I climbed a mountain the other day. Well, not all the way to the top. But I went on a wonderful mountain hike, ascending more than 1500 feet, through lush meadows, past tumbling streams full of spring run-off, and tons of wildflowers in hues of purple, yellow, red, pink, white and blue. My neighbor, who has a cabin near Donner Pass in the Sierras, invited us at short notice to join her for a quick getaway. We arrived at noon and spent a leisurely afternoon pottering around near the cabin, but by the next morning I was ready to take off for a hike. Something you should know about me is that hiking in the mountains is just about my favorite thing in the whole world. Huffing and puffing my way up a mountain is how I find true joy, rejuvenate my spirit, and I always feel better about myself, about life, about just about anything.
And huff and puff I sure did. Maybe because I was recovering from a lingering summer cold, or because we had come up from sea level only the day before, or maybe I’m just aging in ways I hate to acknowledge, but for whatever reason, I struggled to catch my breath at 8000 feet, which is unusual for me. We lost the trail a couple of times, when patches of snow and fallen trees obscured the path, and after we detoured around we got confused in the woods, and wandered off track. We were not in any danger, the weather was clear, and Annie was familiar with the terrain, so she knew the general direction of the route. But we ended up scrambling up a steep cliff to get to the outcrop of rocks at the overlook, our intended destination. But as Annie bounded ahead, I had to pause every few feet to steady my heartrate, catch my breath, or sit on a rock to ease the dizziness. I couldn’t tell exactly where we were headed, but I knew we had to go up. So, I plodded on as best I could, up and up, one step at a time.
I made it to the top, and it was glorious. Rock formations dotted the overlook down to an isolated mountain lake.

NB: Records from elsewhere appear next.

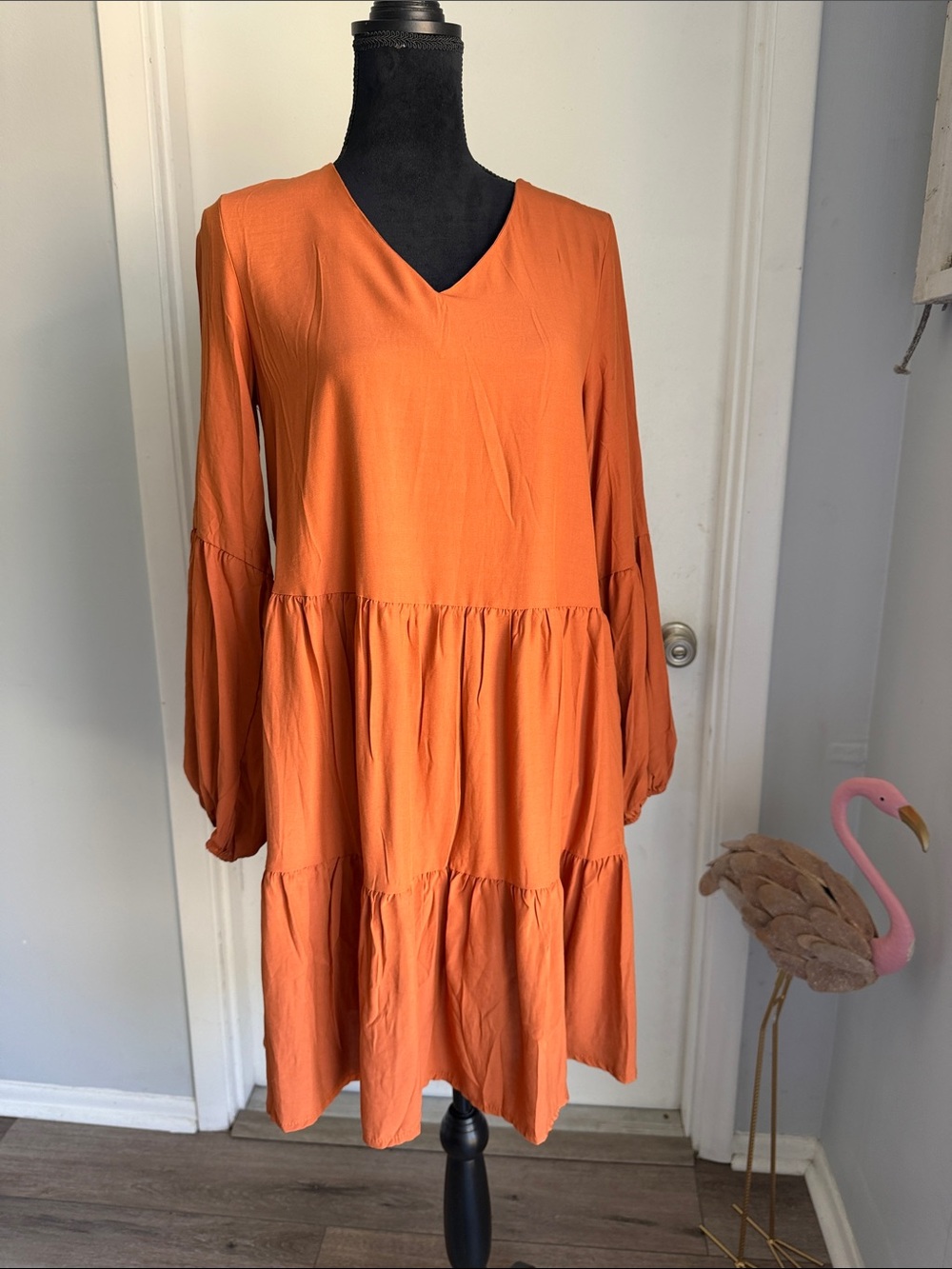 MISSLOOK Tiered V-Neck Long Sleeve Dress in RustOrange
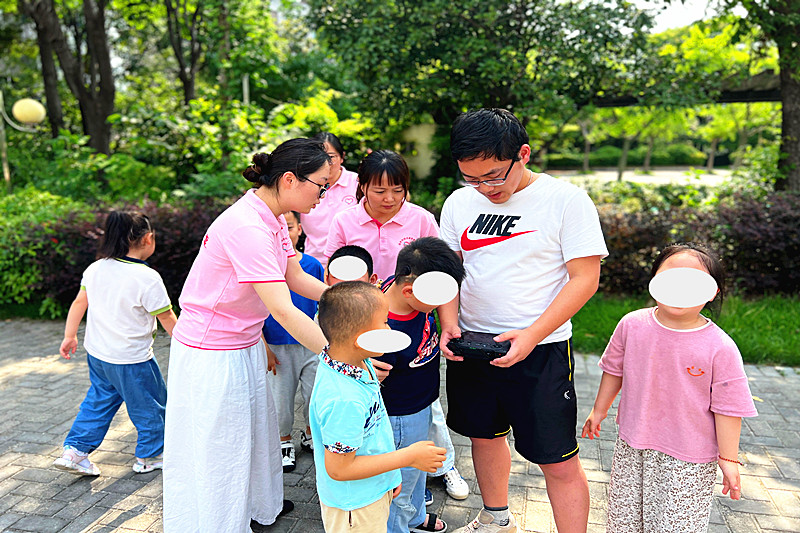 1750980392249147.jpg 江苏省南京市栖霞区龙潭街道龙潭街社区关工委开展“‘翼’起向未来”无人机科普进社区活动(3).jpg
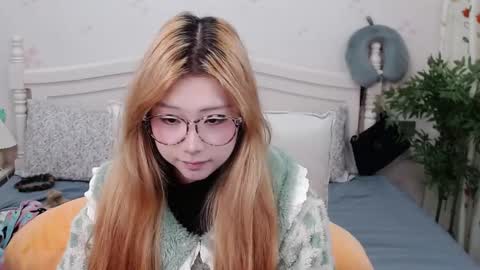 Charlotte online show from November 22, 2:09 pm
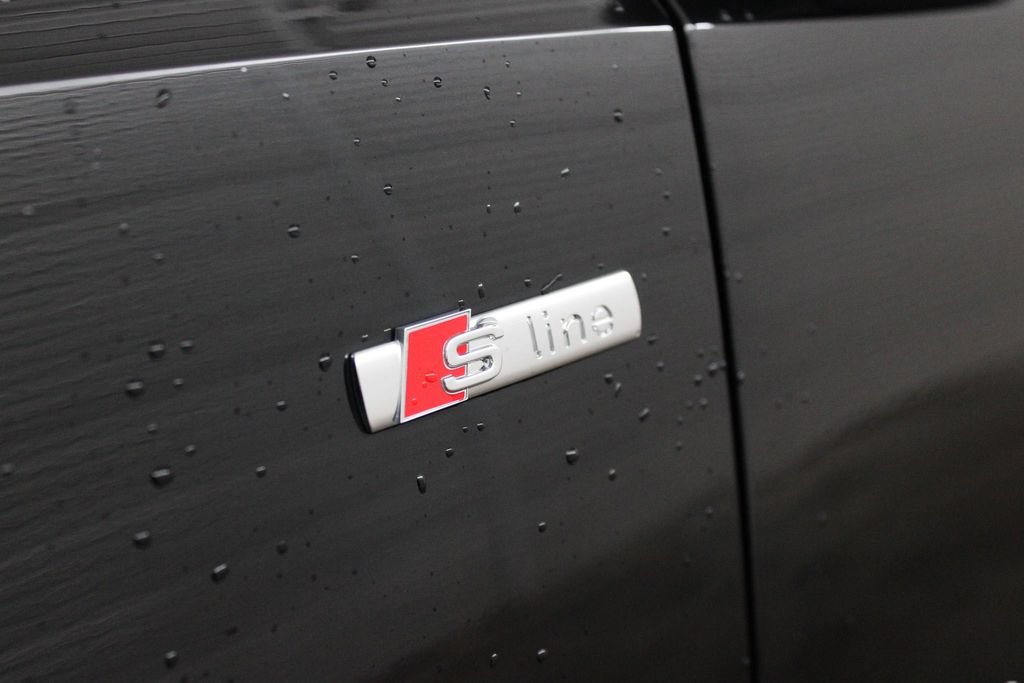 Used 2025 Audi Q3 2.0T Premium Plus AWD/4WD image 48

I perched on a ledge next to a cluster of bright yellow flowers sprouting improbably from the dry dirt, munching my egg sandwich and admiring the wide panoramas There was smoke to the south from the fire near Yosemite, but luckily that did not directly affect us. The surrounding peaks were still covered with snow, after the abundant precipitation we thankfully received this year, after years of drought. And, most wondrous of all, dozens of Monarch butterflies fluttered around, dancing in the sunlight.
And I thought, not for the first time, how much climbing a mountain is a metaphor for writing. You plod ahead, not always able to see where the trail is taking you, sometimes getting to a point that turns out to be a ‘false summit’, getting side-tracked by detours and distractions, finding it perhaps much harder than you imagined, but you keep at it, putting one word down next to another, revising it of course again and again, retracing your steps sometimes to get back on the path—but then it magically comes together! And it’s glorious.
I try to remember this as I’m back at sea level, plodding away at Novel Number 2. One step in front of the other, one page at a time.